Her full name is Marie-Louis Tawoos Amrouche, and she was born in 1913 and died in 1976 in Saint-Michel-L’Osservatoire, France.
Tawoos was born into a Berber tribal family that converted to Roman Catholicism, and she was the only daughter in a family of six children. Her family moved to Tunisia to escape “persecution” after they converted to Catholicism, and Tawoos grew up in a multicultural environment, as she speaks Kabyle fluently and writes in French.
The first Algerian novelist
Taous became the first Algerian woman to publish a novel in 1947. She is the daughter of Fatima Ait Mansour Amrouche – a famous singer in the Berber Kabylie region, who is said to have taught Taous songs and stories and taught her the oral tradition.
Marie began translating Kabyle songs in collaboration with her older brother, John Amrouche, and her mother in 1936. In 1939, Marie received a scholarship to study in Spain, and there she conducted research on the relationship between Berber and Spanish folk songs.
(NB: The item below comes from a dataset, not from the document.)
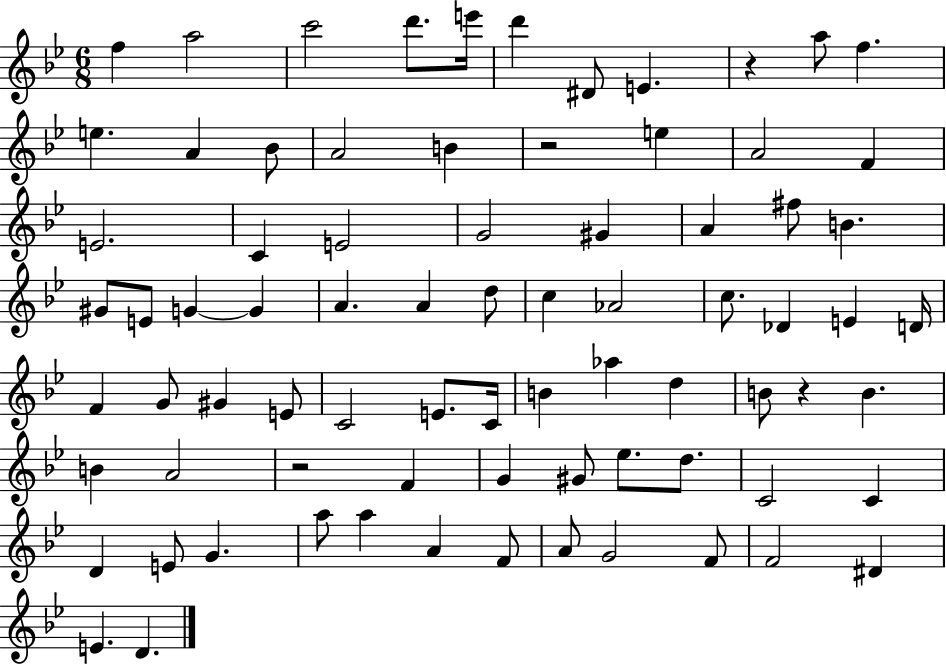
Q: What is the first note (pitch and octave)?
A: F5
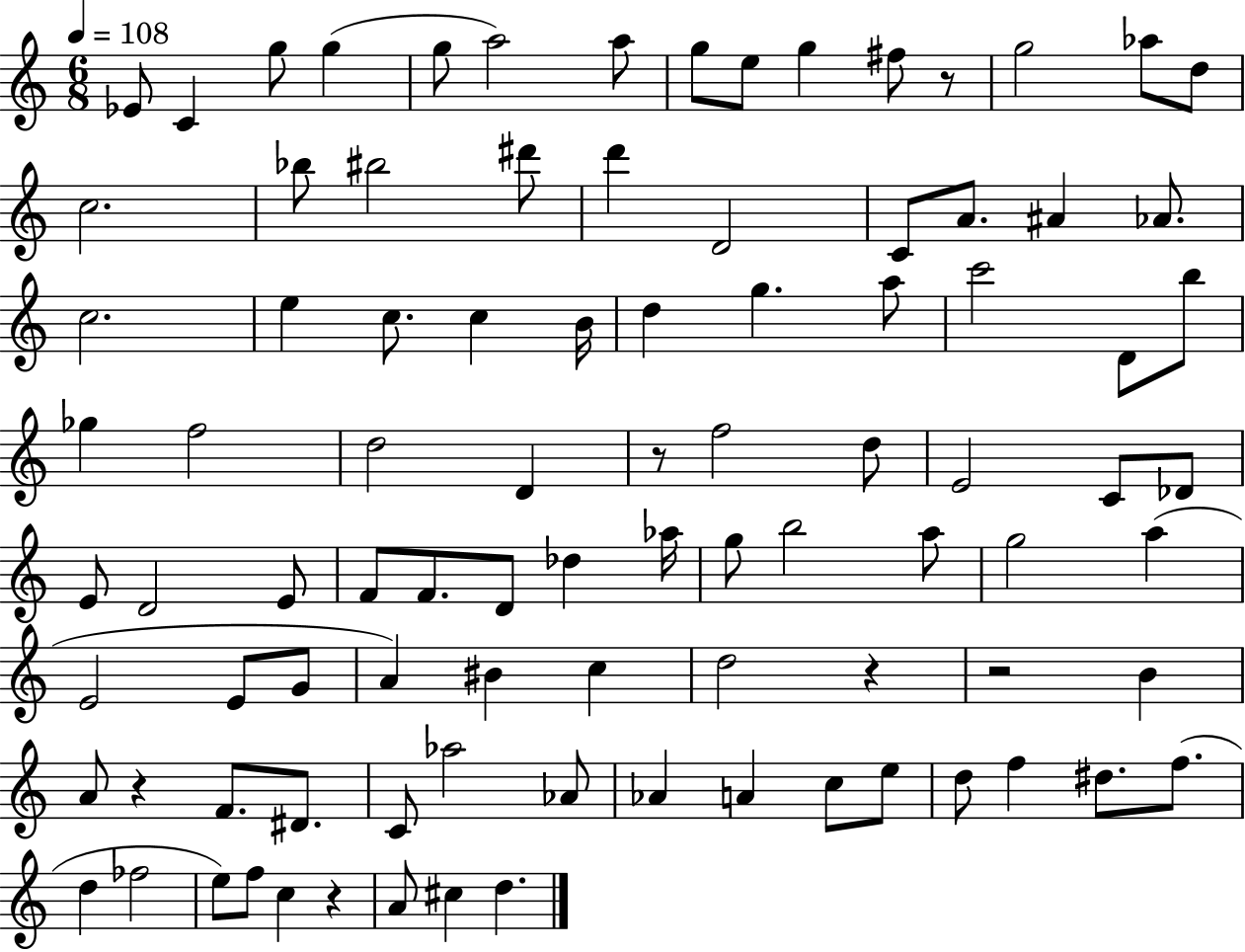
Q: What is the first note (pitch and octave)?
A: Eb4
She published her first autobiographical novel, “The Black Sapphire,” in 1947. It was the first novel of its kind to be published in France by a Maghreb writer. Then she published “The Magic Seed,” followed by a group of other books, including “The Way of Tambourines” 1960, “The Magic Seed” 1966, “The Imaginary Lover” 1975, “Intimate Notebooks,” and “My Mother’s Solitude” (1995), published after her death.
In 1966, Tawoos Amrouche won an award in France for her writings defending the Amazigh heritage and women. She was also honored as the first woman from North Africa to publish a novel.
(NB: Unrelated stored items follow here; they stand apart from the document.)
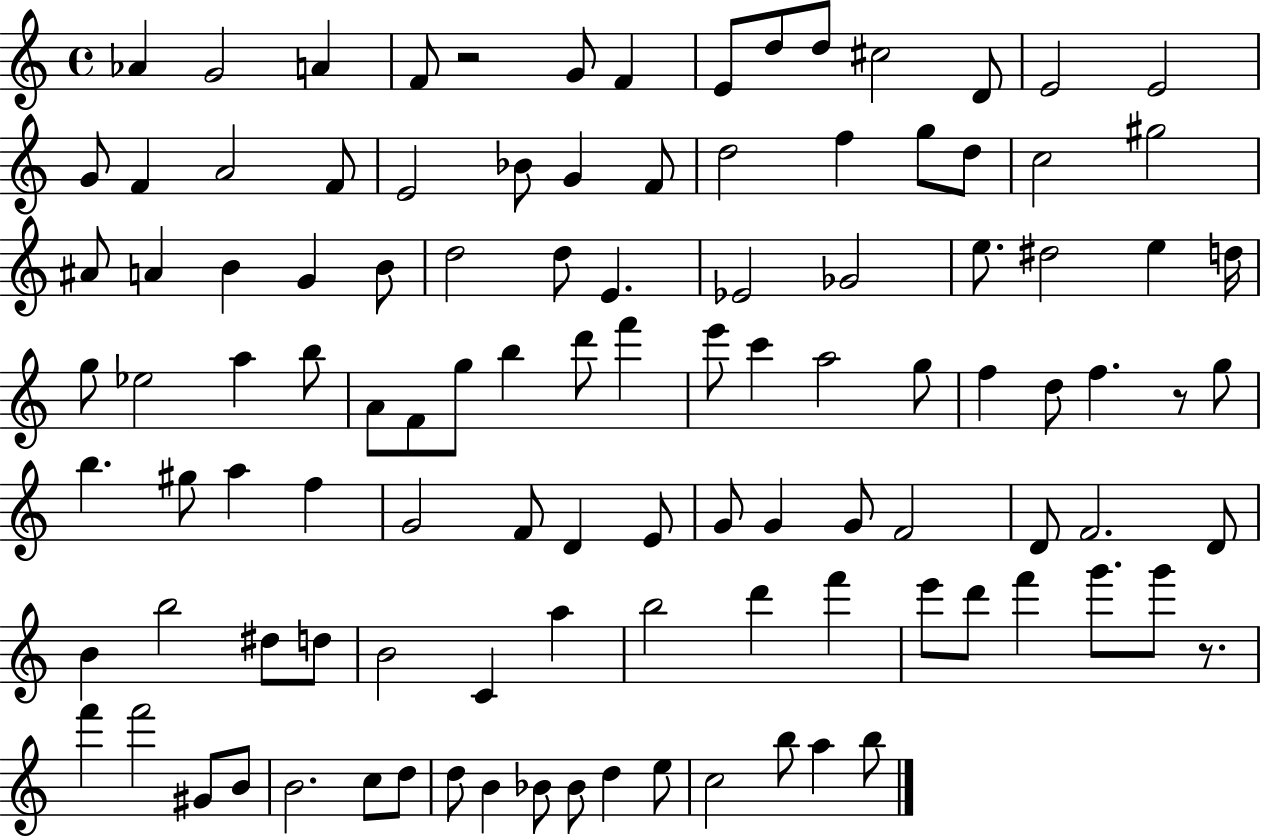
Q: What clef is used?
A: treble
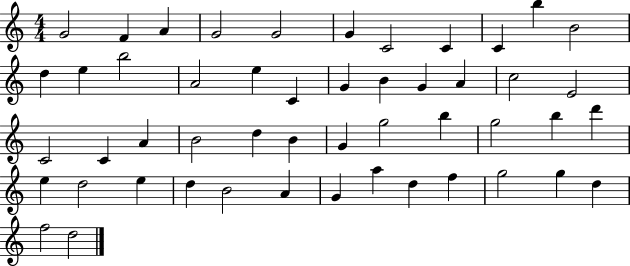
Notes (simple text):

G4/h F4/q A4/q G4/h G4/h G4/q C4/h C4/q C4/q B5/q B4/h D5/q E5/q B5/h A4/h E5/q C4/q G4/q B4/q G4/q A4/q C5/h E4/h C4/h C4/q A4/q B4/h D5/q B4/q G4/q G5/h B5/q G5/h B5/q D6/q E5/q D5/h E5/q D5/q B4/h A4/q G4/q A5/q D5/q F5/q G5/h G5/q D5/q F5/h D5/h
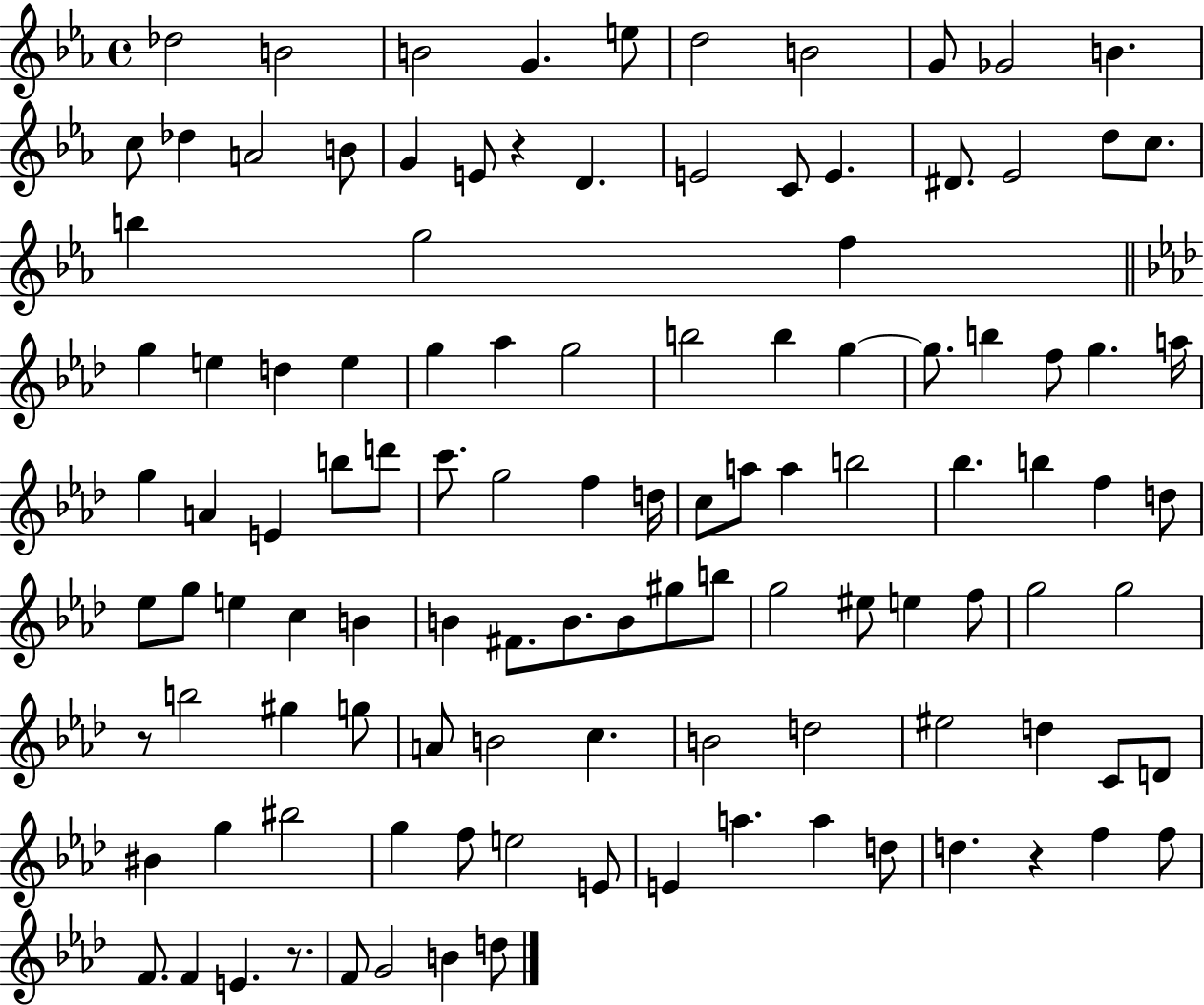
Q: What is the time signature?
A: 4/4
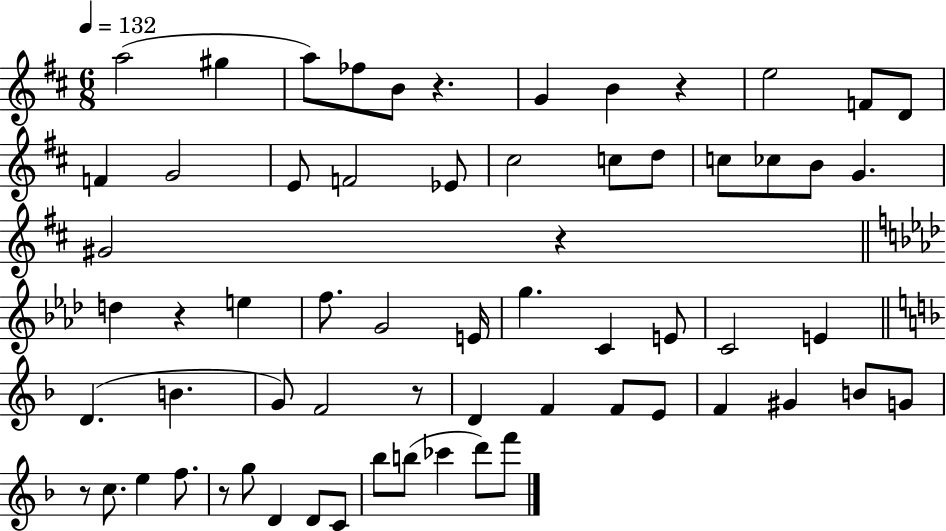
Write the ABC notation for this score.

X:1
T:Untitled
M:6/8
L:1/4
K:D
a2 ^g a/2 _f/2 B/2 z G B z e2 F/2 D/2 F G2 E/2 F2 _E/2 ^c2 c/2 d/2 c/2 _c/2 B/2 G ^G2 z d z e f/2 G2 E/4 g C E/2 C2 E D B G/2 F2 z/2 D F F/2 E/2 F ^G B/2 G/2 z/2 c/2 e f/2 z/2 g/2 D D/2 C/2 _b/2 b/2 _c' d'/2 f'/2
In addition to her passion for writing, Tawoos’ star shone in the world of music, in which she told a forgotten narrative about the Amazigh tribal world in Algeria. She performed many Amazigh songs using the “Ashwiq” singing style, which is a type of tribal art and Amazigh music in which the women of the Kabylie region in Algeria specialized. . In this context, the singer released a number of albums, including “Berber Tribal Songs” in 1967, “Songs from the Atlas Mountains” in 1971, and “Songs of the Millstone and the Cradle” in 1975.
Hybrid civilization
The Taous Amrouche family was among the elite of Algerian Kabyle intellectuals who fled their country after converting to Roman Catholicism, after suffering from “persecution” in their homeland for ideological reasons.
Her mother, Fatima Ait Mansour (whom Tawoos always describes as a fruitful tree), was one of the founders of the feminist movement in Algeria and a poet and novelist who wrote the book “The History of My Life.” As for her brother, Jean Amroush, who said, “I write in French and cry in Amazigh,” he was a poet and activist. He published in Tunisia, with the help of his friend, the French writer Armand Guibert, two poetry collections, the first entitled “Ashes” and the second under the name “Secret Star.”
During his time living with his family in Tunisia, he also wrote poems and critical articles in several Tunisian magazines, and gave lectures in Tunisia. In 1939, he published in the capital a collection of poems entitled “Berber Songs from Kabyle Lands,” in which he translated Berber poems that he learned from his mother, Fatima Ait Mansour, into French.
Tawoos Amroush says about herself: “I am a hybrid of civilization,” as she repeatedly expressed her suffering of being torn between two languages and two cultures, between French and Amazigh, and between Europe and the Maghreb.
Tawoos was afflicted with cancer, from which she died in Saint Michel on April 2, 1976, and was buried in France.